July 04, 2014 07:30 pm | Updated November 16, 2021 07:11 pm IST - Kuala Lumpur

Four suspected Tamil Tigers, including a man allegedly involved in the 1999 assassination attempt on the then Sri Lankan President Chandrika Kumaratunga, have been arrested here for trying to revive the LTTE and making Malaysia a base for its operations.

The four suspected members of the Liberation Tiger of Tamil Eelam (LTTE) were arrested in a series of anti-terrorism operations in Klang Valley on Thursday, police said on Friday.

The men, believed to be senior ranking members of the now defunct terror organisation, were detained by Special Branch’s Counter-Terrorism Division (SB-CTD) operatives.

The men were believed to be trying to revive the LTTE and make Malaysia a base for its operations, the New Strait Times reported.

Inspector-General of Police Khalid Abu Bakar said the suspects include a man wanted for his alleged involvement in the attempted assassination of the then Sri Lankan president Kumaratunga in 1999.

She lost vision in her right eye in the assassination attempt by the Tamil Tigers at her final election rally at Colombo Town Hall premises on December 18, 1999.

“Police believed that one of three other suspects, who holds a United Nations’s High Commissioner for Refugees (UNHCR) identity card, is a LTTE bomb expert,” Abu Bakar was quoted as saying.

“Another suspect was identified as an accomplice to another suspect, whom SB-CTD arrested on May 14 for involvement in a plan to attack foreign consulates in Chennai and Bangalore,” he said.

“The man was also involved in forging travel documents and student passes, and in human trafficking activities,” Mr.

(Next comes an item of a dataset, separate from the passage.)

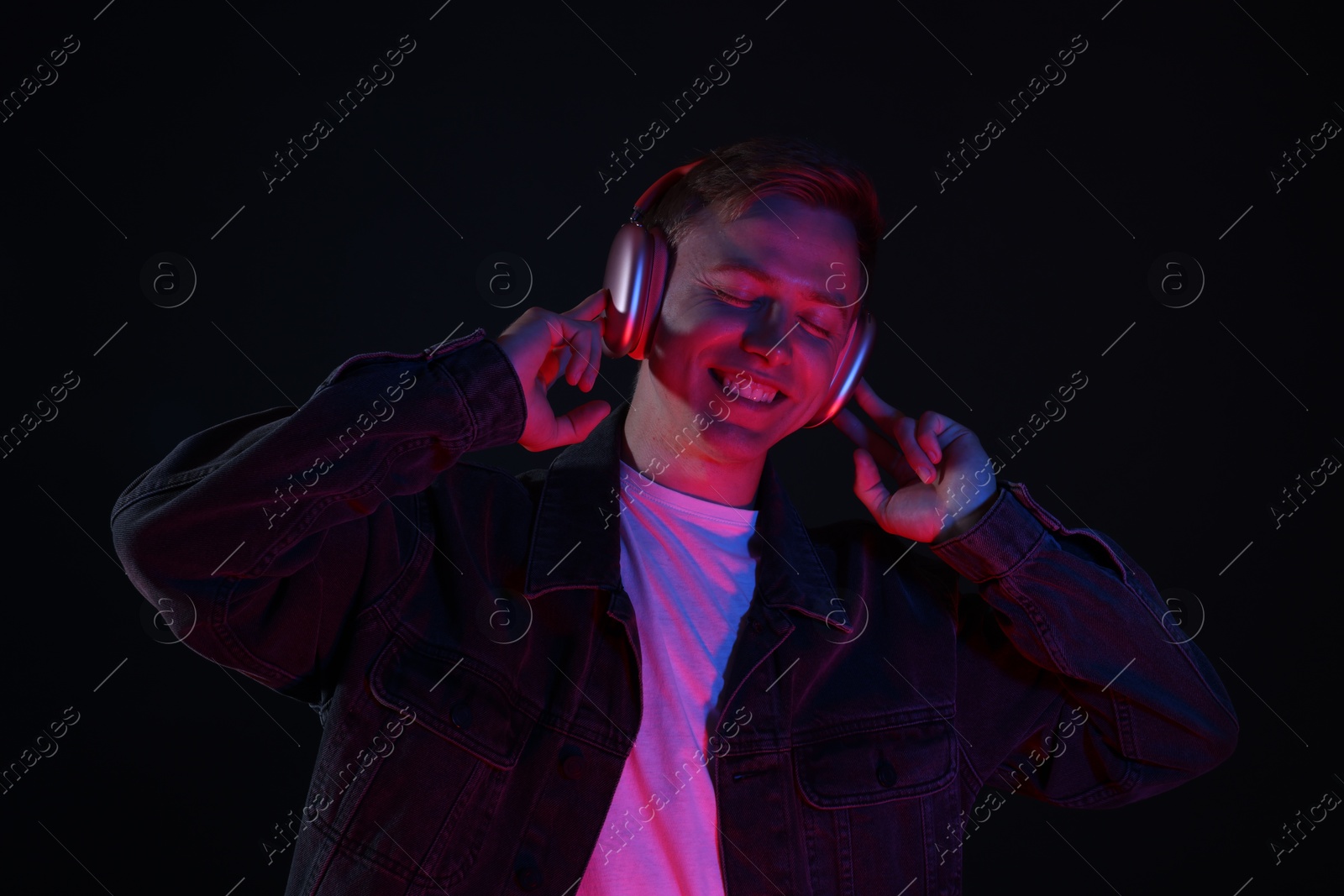 Smiling man wearing headphones listening to music in neon lights against black background Photo of Smiling man wearing headphones listening to music in neon lights against black background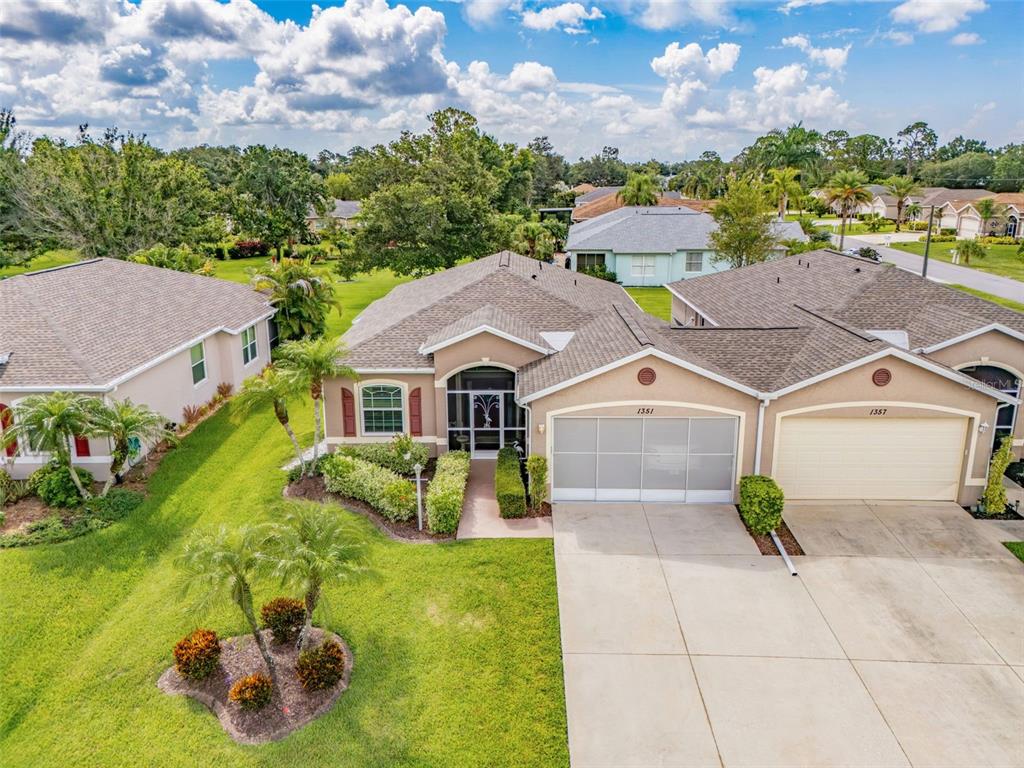 An aerial view shows a tan suburban house with a screened entryway and two-car garage — 1351 HEDGEWOOD CIRCLE, NORTH PORT, FL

Khalid said in a statement.

He said the police also confiscated a cache of counterfeit passports of multiple nations, as well as counterfeited rubber stamps of the Immigration Department and foreign embassies during the operations.

The fourth suspect was alleged to be responsible in gathering intelligence for LTTE’s attacks.

The arrests come after three Sri Lankans, including two refugees, were deported in May amid a crackdown on suspected militants.

The LTTE was defeated in a military campaign in 2009, ending a nearly three decades-long civil war in Sri Lanka.